The long goodbye
Introductory remarks
One of the things I didn’t think to mention when I wrote about the benefits of attending writing courses is that you have a safe opportunity to experiment with a genre or subject you would not normally tackle.
The following article is a case in point. It deals with my experience of my mother’s dementia. The writing prompt was, I think, “a traumatic event”. Dementia is a traumatic event for everyone concerned, and what makes it especially traumatic I think is that it happens slowly. So slowly that you don’t even realise that’s what’s going on.
“Oh, she keeps forgetting things, it must be her age”, you say. But then more and more odd things start to happen, with more and more memory lapses. At least, that was our experience, and other people I’ve spoken to found the same.
I’m a fairly private person, so I normally would not write about stuff like this. Also, generally speaking the most traumatic events I’m prepared to write about are things like not being able to get an internet connection. So this exercise was quite a departure for me.
I tried to write a dispassionate article. It was an attempt to find a middle way between a purely objective approach (how could I have done that even if I had the requisite scientific knowledge?), and the kind of subjective approach that invites people (on social media especially) to commiserate, provide well-meaning homilies, and a metaphorical shoulder to cry on. You must be the judge of whether or not I succeeded.

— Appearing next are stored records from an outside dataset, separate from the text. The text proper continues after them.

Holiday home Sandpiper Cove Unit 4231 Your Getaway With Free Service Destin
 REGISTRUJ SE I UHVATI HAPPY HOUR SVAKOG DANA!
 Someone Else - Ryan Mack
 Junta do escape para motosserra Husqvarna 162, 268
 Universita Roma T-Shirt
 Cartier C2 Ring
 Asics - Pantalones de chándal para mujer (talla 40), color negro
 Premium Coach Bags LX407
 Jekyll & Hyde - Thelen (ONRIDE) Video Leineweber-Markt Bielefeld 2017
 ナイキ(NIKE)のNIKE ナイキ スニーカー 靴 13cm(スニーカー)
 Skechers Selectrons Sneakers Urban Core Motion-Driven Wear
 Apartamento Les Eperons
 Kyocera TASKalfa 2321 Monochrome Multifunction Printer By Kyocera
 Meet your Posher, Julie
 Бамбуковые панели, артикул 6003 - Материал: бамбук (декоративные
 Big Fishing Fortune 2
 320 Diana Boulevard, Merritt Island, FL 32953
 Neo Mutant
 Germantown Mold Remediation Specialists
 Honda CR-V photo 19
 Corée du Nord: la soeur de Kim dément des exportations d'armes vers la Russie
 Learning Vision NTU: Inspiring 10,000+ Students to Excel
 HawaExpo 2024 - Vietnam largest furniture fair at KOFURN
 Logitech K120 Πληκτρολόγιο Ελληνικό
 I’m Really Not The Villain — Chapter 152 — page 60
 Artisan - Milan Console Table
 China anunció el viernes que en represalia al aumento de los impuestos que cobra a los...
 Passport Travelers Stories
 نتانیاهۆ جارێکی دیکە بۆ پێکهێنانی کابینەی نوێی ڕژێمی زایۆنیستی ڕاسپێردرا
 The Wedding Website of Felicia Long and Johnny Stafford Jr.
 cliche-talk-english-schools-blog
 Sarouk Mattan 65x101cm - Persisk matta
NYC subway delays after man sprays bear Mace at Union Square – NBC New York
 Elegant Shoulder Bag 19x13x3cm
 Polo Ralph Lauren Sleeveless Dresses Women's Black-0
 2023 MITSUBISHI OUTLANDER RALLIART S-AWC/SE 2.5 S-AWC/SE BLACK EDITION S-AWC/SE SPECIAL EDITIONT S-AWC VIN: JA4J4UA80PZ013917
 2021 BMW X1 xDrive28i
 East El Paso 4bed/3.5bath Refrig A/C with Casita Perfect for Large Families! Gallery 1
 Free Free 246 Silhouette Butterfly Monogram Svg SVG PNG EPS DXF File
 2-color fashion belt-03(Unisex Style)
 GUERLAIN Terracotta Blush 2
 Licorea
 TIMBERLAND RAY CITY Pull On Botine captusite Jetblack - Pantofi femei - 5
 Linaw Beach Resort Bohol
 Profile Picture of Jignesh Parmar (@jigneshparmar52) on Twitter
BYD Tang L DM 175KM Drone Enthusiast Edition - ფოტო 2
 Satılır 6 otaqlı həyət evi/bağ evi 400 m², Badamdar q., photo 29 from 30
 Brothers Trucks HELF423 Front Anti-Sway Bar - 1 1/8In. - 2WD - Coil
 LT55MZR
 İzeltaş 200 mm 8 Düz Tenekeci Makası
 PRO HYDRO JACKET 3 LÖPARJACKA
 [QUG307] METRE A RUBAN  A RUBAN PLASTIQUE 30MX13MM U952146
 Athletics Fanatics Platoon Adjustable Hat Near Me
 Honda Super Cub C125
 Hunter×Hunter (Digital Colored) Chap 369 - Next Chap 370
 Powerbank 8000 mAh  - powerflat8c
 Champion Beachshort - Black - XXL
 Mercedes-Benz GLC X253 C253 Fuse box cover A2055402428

Here is the article, which was published in an anthology of creative writing called Between The Lines. If you wish to comment on it, please do so by email.
The Long Goodbye
Most of us live purposeful, contiguous, continuous lives. We do X in the hope of accomplishing Y. Life may intervene and cause us to reach Z instead, but at that point we can take a decision. Do we strive to get back on track to Y, or accept Z, or plan for something else entirely? The point is, we live in the present, but have at least one eye on the future.
Those with dementia don't enjoy such luxury. Their lives are somehow discontiguous with the real world, somehow not quite involved with objective space and time. They may do X with the intention of achieving Y, but their starting point is not one we would recognise. And tomorrow they will do X again regardless of the consequences they experienced today, because they live constantly in the present.
Practitioners of Eastern mystic religions exhort us to live in the present, to 'be here, now'. To that extent, dementia sufferers might be presumed to have reached Enlightenment. But their present is not our present. They may believe, for instance, that 'now' is fifty years ago, and everything is seen through that lens. So their starting point, their 'X', is not one that 'outsiders' would easily recognise.
And because everything seems to reset each day (I can think of no other way of putting it), they appear not to learn from the experience.
Therefore their lives are fragmented, somehow discontinuous, discontiguous. So when I recall the last years of my mother, who suffered from dementia, I remember fragments: disjointed pieces of a jigsaw which are independent yet tell a larger story.
Fragment 1:
My mother and I are enjoying a cup of tea and some cake, when she suddenly looks worried.
"Are you ok, mum?", I ask.
"I can't remember if I locked the shop up."
"Don't worry, I'll check on the way home."
The shop she was referring to was the one she'd sold when she retired, thirty years previously.
Fragment 2:
My mother was spotted striding down the road. The police brought her back to her flat in a sheltered housing complex. When they asked her where she was going, she had replied "Home, to Stoke Newington". That was indeed where she lived – seventy years ago.
The story told by such fragments is one of loss. Each time you see that person, there is something missing, there is somehow a bit less of them. They are disappearing.
When someone dies, there is a period of mourning, a formal period that starts with their death, involves certain procedures or practices, and ends after a set time. There is also a period of grieving, which doesn't end, but lessens over time. When someone has dementia, they are still alive, so you cannot begin to mourn their loss. But the grieving starts, and becomes worse over time.
One cold, rainy night in November, my mother's care home phoned at around 11 pm to tell me that my mother had passed away.
I had the best night's sleep I'd had in years.